Right now I use a piece of wood with the markings lol ~.~


----------



## kp91 (Sep 10, 2004)

Rod,

There are a bunch of different types of t-track available that can hold both a rule and a flip stop. 
If you're lucky enough to get to go to the woodworking shows, they have a wide variety you can put your hands on and usually sell pretty cheap.
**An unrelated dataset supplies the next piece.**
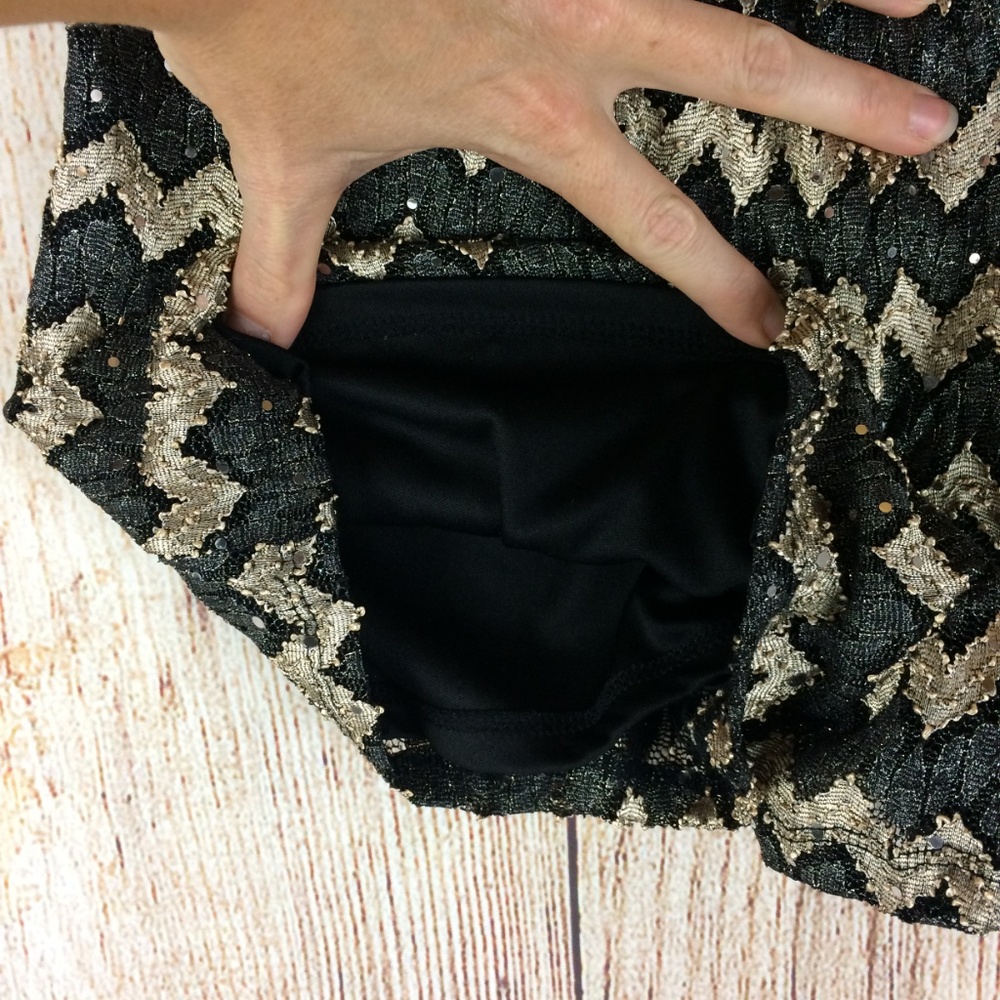 Bebop Chevron Pattern Sequin Shorts Sz M - Picture 4 of 5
T-Track Products Index - Peachtree Woodworking Supply

If you want something real fancy, items in 8020 Inc Garage Sale store on eBay!


----------



## headlessblade (Apr 7, 2011)

oh that's what it's called lol, you gave me a good idea maybe i could make one if I cannot find one... I usually go to home depot or sears to buy what I need... I don't even think they have woodworking shows in NYC... Thanks a lot 

lol i just told my wife about this thing, and she said "You mean the thing they use in HD to measure and cut the blinds to length..." Amazing exactly what I need...


----------



## jlord (Nov 16, 2009)

Hi Rod.
There is also the fold up stands for miter saws. These are harder to setup different stops. Lowe,s usually has a couple on display. You can also build something from plywood which is what I would suggest for trim work or a project with multiple stops. Here is some pictures of a few I use that sit on horses & can be made any length you want. The long one is 16'. I also have a couple that are only 8' in length. There is also a picture of a saw stand on casters that folds up. It has a Kreg setup that I made with the sliding stops That I clamp to the folding table when set up. There are many options with either buying or building a setup to fit your needs.


----------



## headlessblade (Apr 7, 2011)

I have a very very simple one made from a 1"x3"x8' which stands on a leg and screwed into the miter saw frame... the ones you have are nice but I don't have a lot of space.... The Ttracks, I think will work better for me storage wise... thanks for the ideas the more the better



jlord said:


> Hi Rod.
> There is also the fold up stands for miter saws. These are harder to setup different stops. Lowe,s usually has a couple on display. You can also build something from plywood which is what I would suggest for trim work or a project with multiple stops. Here is some pictures of a few I use that sit on horses & can be made any length you want. The long one is 16'. I also have a couple that are only 8' in length. There is also a picture of a saw stand on casters that folds up. It has a Kreg setup that I made with the sliding stops That I clamp to the folding table when set up. There are many options with either buying or building a setup to fit your needs.


----------



## headlessblade (Apr 7, 2011)

you know what I'm looking at these jigs.. maybe i should just buy a table saw with and extendable table??? what's the advantage of a miter saw over a table saw? I can do the same angles and use dados on a table saw...but I think it might be a lot more dangerous..?


----------



## jlord (Nov 16, 2009)

headlessblade said:


> you know what I'm looking at these jigs.. maybe i should just buy a table saw with and extendable table??? what's the advantage of a miter saw over a table saw? I can do the same angles and use dados on a table saw...but I think it might be a lot more dangerous..?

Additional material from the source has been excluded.